During practices this week, Lewis wore a protective gray immobilizing boot around his right ankle, nursing what IU coach Bill Lynch called a high-ankle sprain.
“(We) went through halftime, got it re-taped and all that, and we thought that it would loosen up and we’d get him going in the second half, and it never loosened up," Lynch said of Lewis' injury sustained against Iowa. “Some athletes bounce back pretty quickly. He really hasn’t been hurt much, so we haven’t really been through this in terms of how quickly he can bounce back. Certainly, we’re hopeful that a guy like that can bounce back quicker than our 300-pound guys, just because of his body type.”
With or without their second-team All-Big Ten quarterback, things were a bit more intense for the Hoosiers at practice this week, with coaches adopting a more hard-nosed approach to discipline for mistakes.
Though Lewis wasn’t in pads during the week, he did partake in team’s punishments. The up-downs and push-ups given out by Lynch were, according to wide receiver Andrew Means, physical reminders for the Hoosiers to stay mentally sharp.

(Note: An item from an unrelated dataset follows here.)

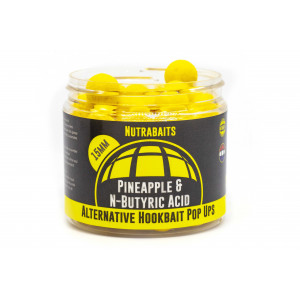 NUTRABAITS Pop-up Pineapple & N-Butyric Acid 15mm 1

“It’s tough out here, man,” he said.
Lynch said in his weekly press conference to the media that the team’s lack of execution on both sides of the ball has played a big part in IU’s recent downfall, something Means agreed with.
“The playmakers on the team, whether it be an offensive lineman, the quarterback, a running back, on defense or whatever,” Means said. “We just got to step up and make the play when we are called on to make the play. Whether it’s getting that interception, making that catch, blocking that guy so we can throw that deep pass – everyone just needs to step up and do their job.”
The Hoosiers have scored a total of 16 points in their last two games, while they have allowed over 40 points in three of their last four. Much of their defensive troubles have stemmed from a recent inability to stop the run.
Against Iowa last week, the Hoosiers allowed 227 net rushing yards and four scores on the ground.
“We have got to keep our proverbial cap in the gap you are supposed to be in to stop the running game,” Lynch said. “If one guy gets out of his gap, then there is a dent. And when there is a dent against an Iowa, there’s five yards. If you keep your hat in the gap, then it’s two yards and you get them in third-and-six, and you have a chance.”
Keeping on assignments will be all the more crucial this weekend when the Hoosiers’ stare across the line of scrimmage at Illini signal-caller Juice Williams.
Williams, like Lewis, is an effective mobile quarterback who has led Illinois to an average of 33 points per game.
Williams has 445 rushing yards and 1,677 passing yards, a total that slots him in the top five nationally, a total only 271 yards shy of IU’s total offense.
Means said it will take a full team effort to put down Williams and the Illini, something the receiver said IU has not had yet this year.
“We have never really had a game where every position has clicked and been together all on the same page,” Means said. “We just need to go out there and all be on the same page.”